RIGHT HON. GEORGE VISCOUNT MANDEVILLE.
Deputy Lieutenant of, and M.P. for Huntingdonshire.
[Commander.]

Eldest son of the Duke of Manchester, late Captain-General and Governor of Jamaica. This officer was born on the 9th July, 1799; made a lieutenant on the 20th Nov. 1818; and advanced to the rank of commander July 19th, 1822. He married, Oct. 8th, in the latter year, the daughter of Lady Olivia Sparrow.

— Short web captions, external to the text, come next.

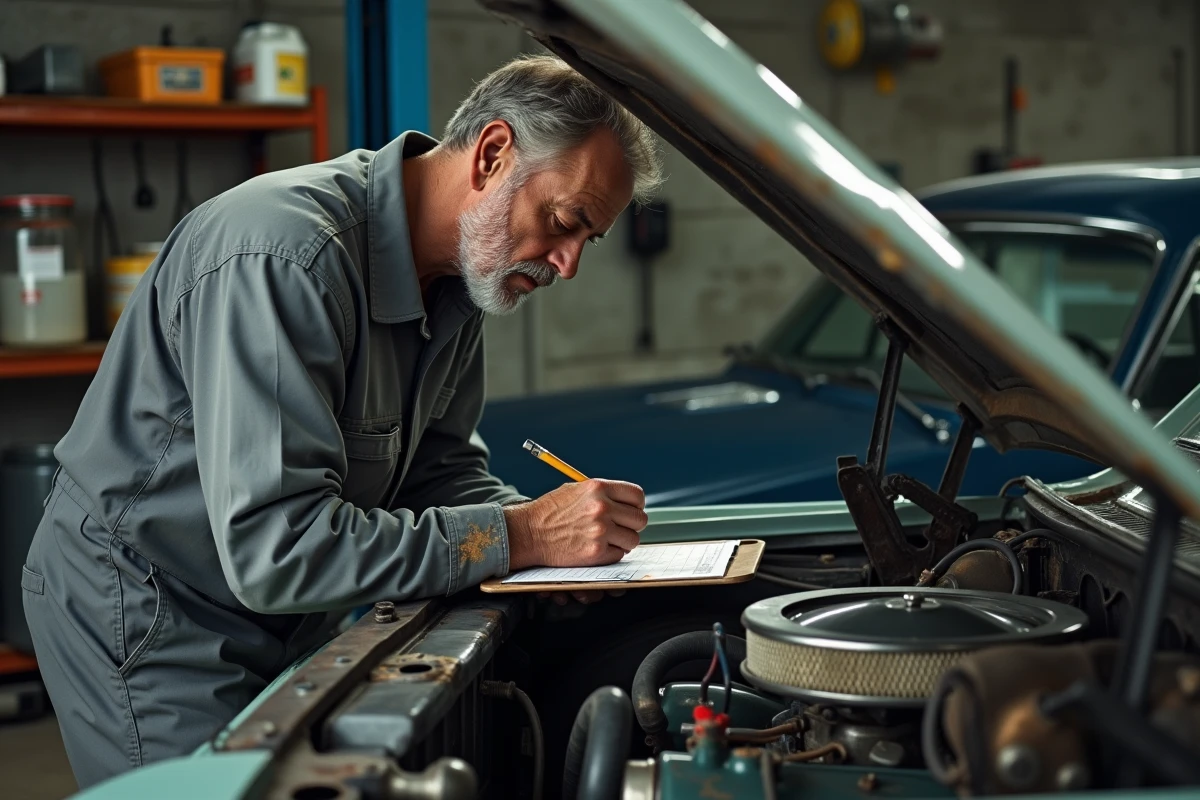 Un mécanicien expérimenté inspecte le compartiment moteur d'une Chevrolet Impala 1967 dans un garage indépendant, offrant une évaluation professionnelle avant achat de la voiture classique.
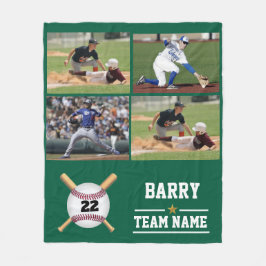 Gepersonaliseerde Honkbal 4 Foto Collage Naam Team Fleece Deken
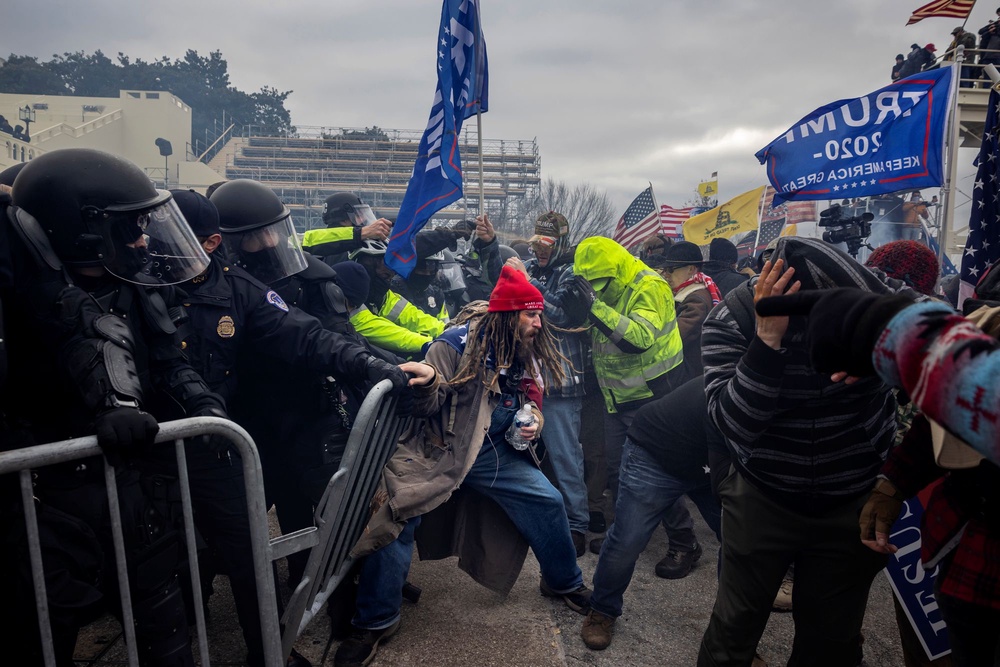 Lawmakers, including from the president’s own party, have raised concerns about Jan 6 rioters and other Trump allies obtaining taxpayer-funded payouts (Brent Stirton/Getty Images)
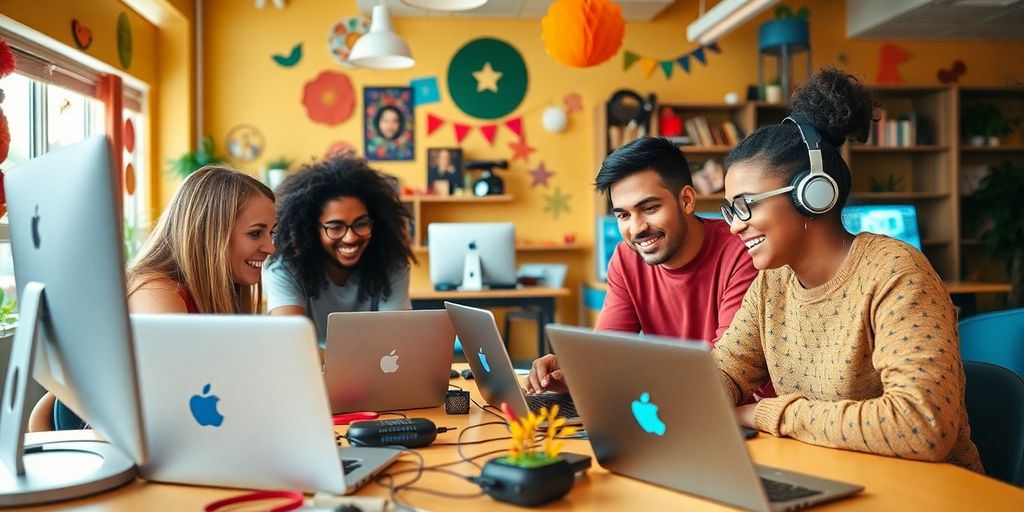 Group of friends enjoying computer-assisted hobbies together.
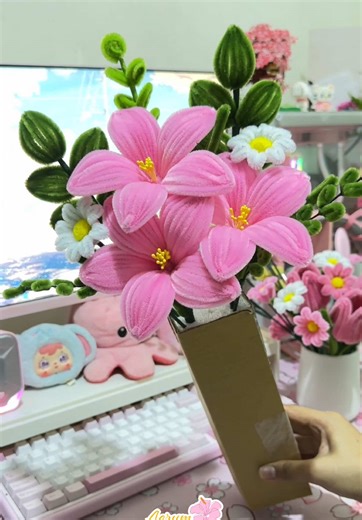 Handmade Fuzzy Wire Flower Bouquet Therapy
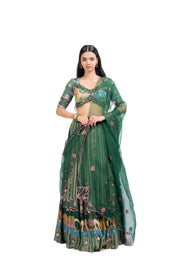 WOMEN'S GREEN COTTON PADMA LEHENGA SET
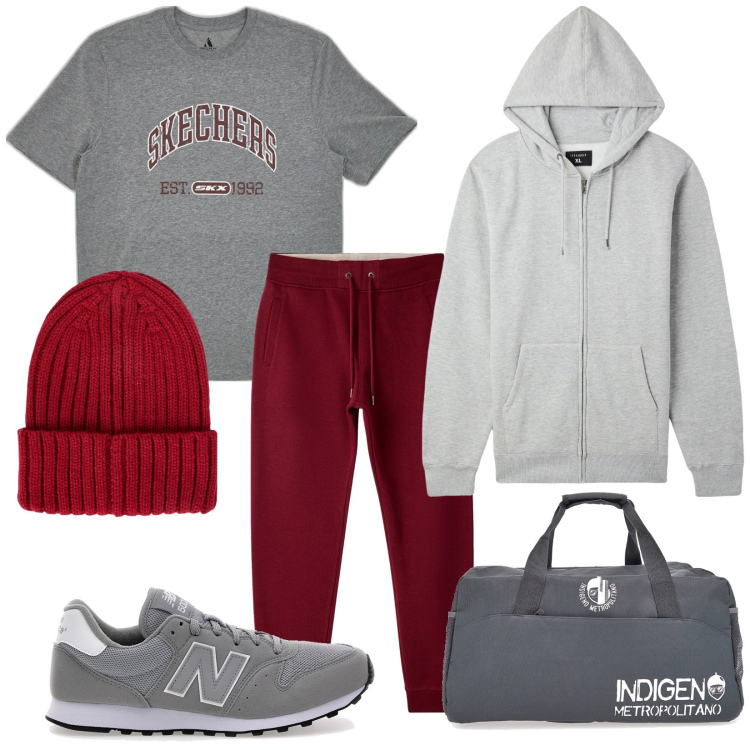 Outfit uomo - Total look #2320483. Stile Casual per Sport. Abbinamento con felpe con cappuccio, pantaloni, borse sportive, berretti, t-shirt, sneakers.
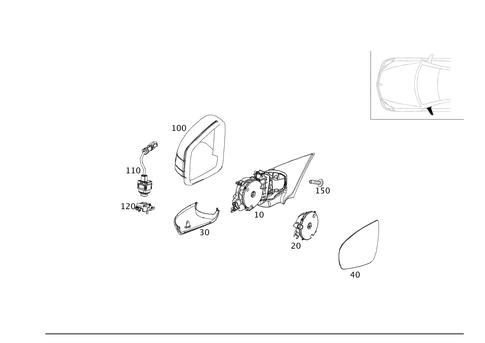 Outside Rear View Mirror, on the Left for 2017 Mercedes-Benz E550 #0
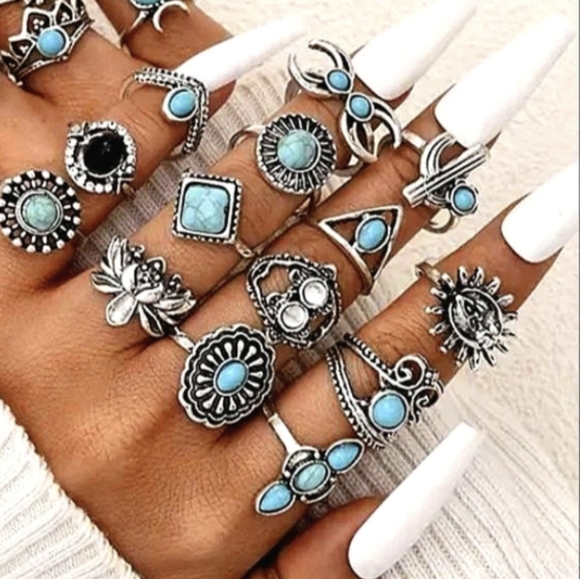 25 Piece Boho Rings Silvery Blue Silver Stacking Bohemian Jewelry Set - Picture 5 of 7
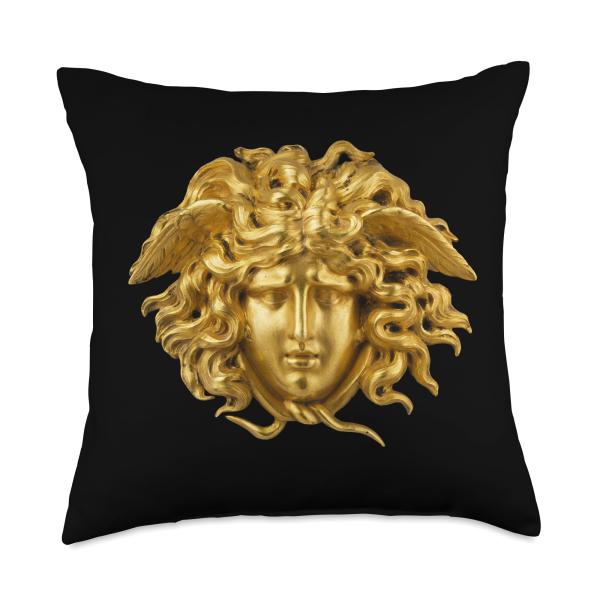 Medusa Head Shirt Snake Hair Greek Myth Gorgon Throw Pillow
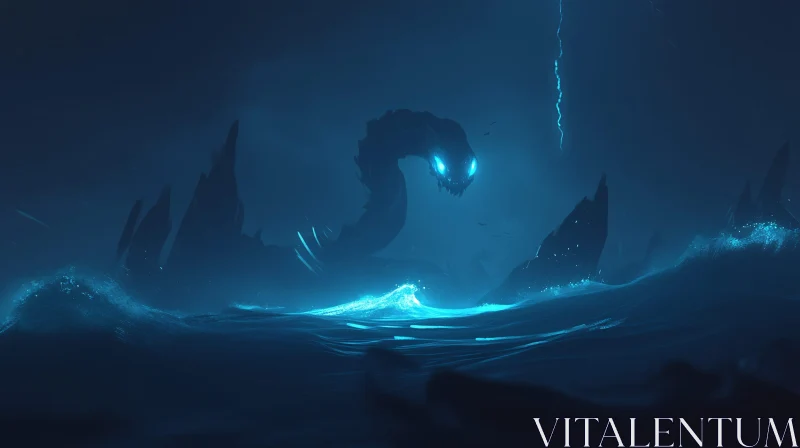 Glowing Sea Monster at Night AI Image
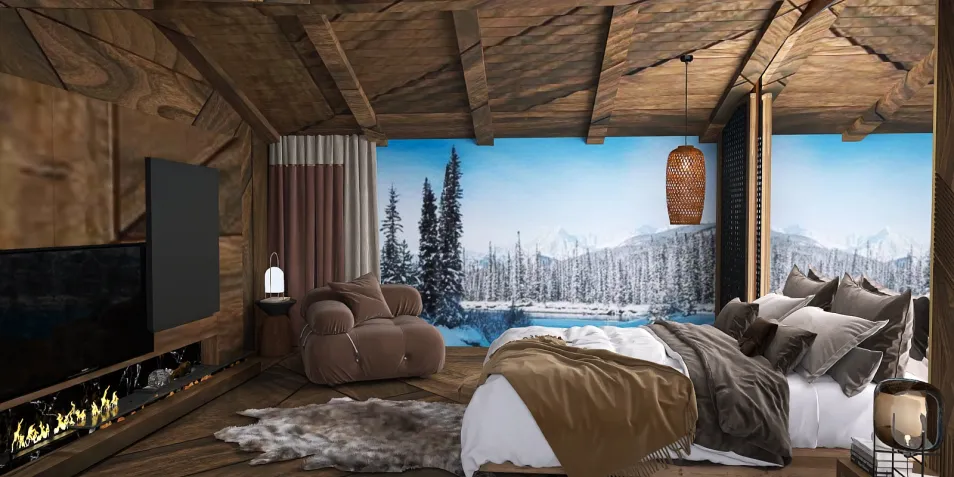 Cozy wooden bedroom featuring a modern design style with a focus on winter scenery, showcasing Homestyler's real-time 3D rendering for an efficient design proposal preview.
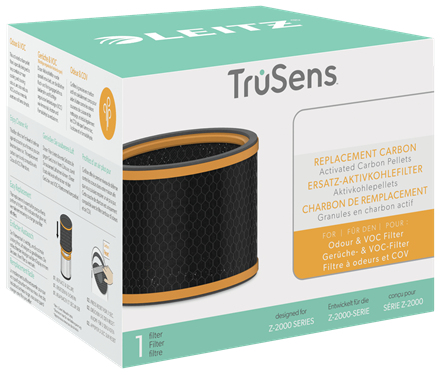 Leitz Erstatningskulfilter til TruSens Z-2000/Z-2500 lugt og VOC filter, 1 pakke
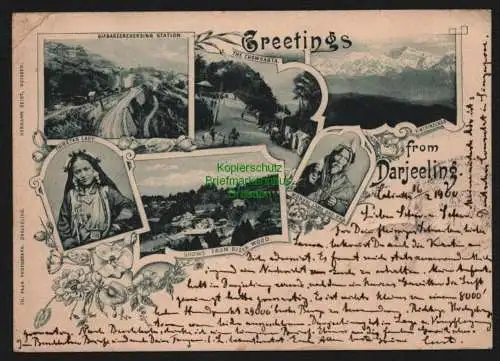 147782 Ansichtskarte Darjeeling Indien India 1900 Bahnhof Tibetische Frau The Chowrasta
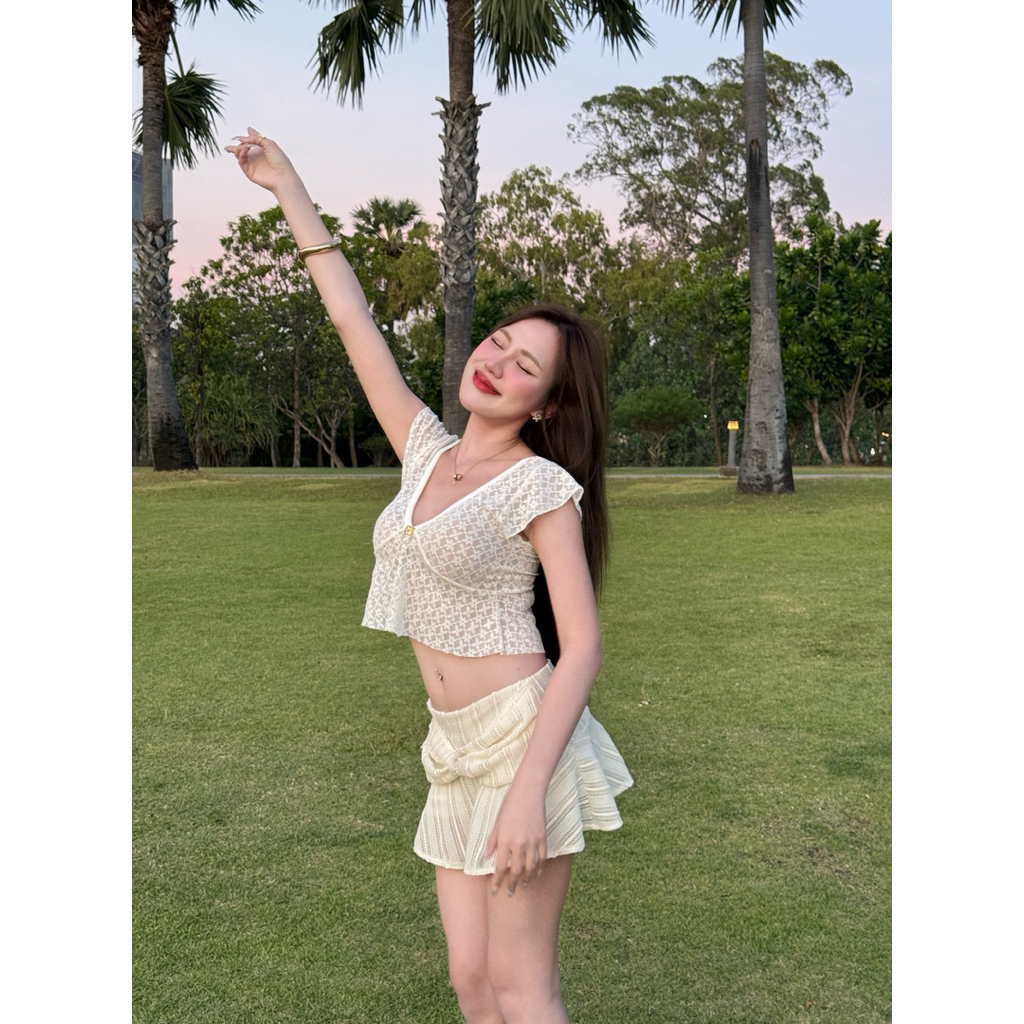 Sundae skirts (SR37)🐰🥂 กระโปรงสั้นดีเทลแต่งโบว์ siristylebkk - รูปที่ 5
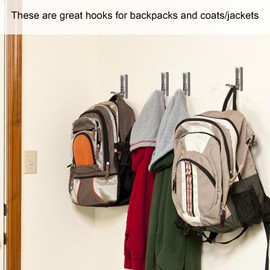 macikwon Foldable Coat Hooks 4 Pack,Heavy Duty Wall Hooks for Hanging Coats Towels Backpacks Bags Brushed Nickel Towel Hooks for a Functional Home (Brushed Nickel, 4)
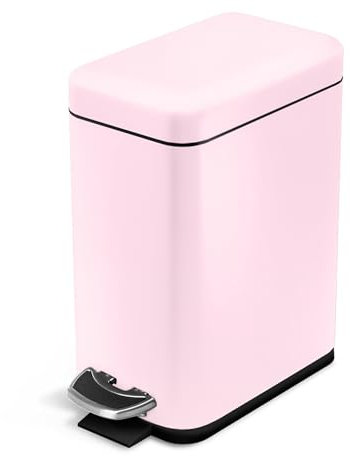 Home Zone Living Pattumiera da bagno da 1,3 litri con coperchio, cestino in acciaio inox con forma sottile e pedale, per casa e ufficio, capacità 5 litri, rosa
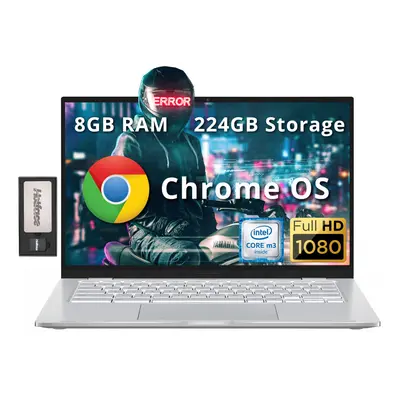 ASUS 14"" FHD Chromebook Laptop Intel M3-8100Y Processor 8GB RAM 224GB Storage (64GB SSD+ 160GB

ROBERT GRAHAM DUNLOP, Esq.
[Commander.]

Passed his examination, at Portsmouth, in the summer of 1810; and was slightly wounded whilst serving as master’s-mate of the Scipion 74, (flag-ship of Rear-Admiral the Hon. Robert Stopford,) and employed on shore at the reduction of Java, in 1811. His first commission bears date Feb. 7th, 1812. In the following year, being then a lieutenant of the Surveillante frigate. Captain Sir George R. Collier, on the north coast of Spain, he was again wounded, in one of the breaching batteries on the Chofre sand-hills, opened against the walls of St. Sebastian. He subsequently joined the Porcupine 22, flag-ship of the late Sir Charles V. Penrose, and was very actively employed in co-operation with Wellington’s army in the neighbourhood of Bayonne and Bourdeaux[1].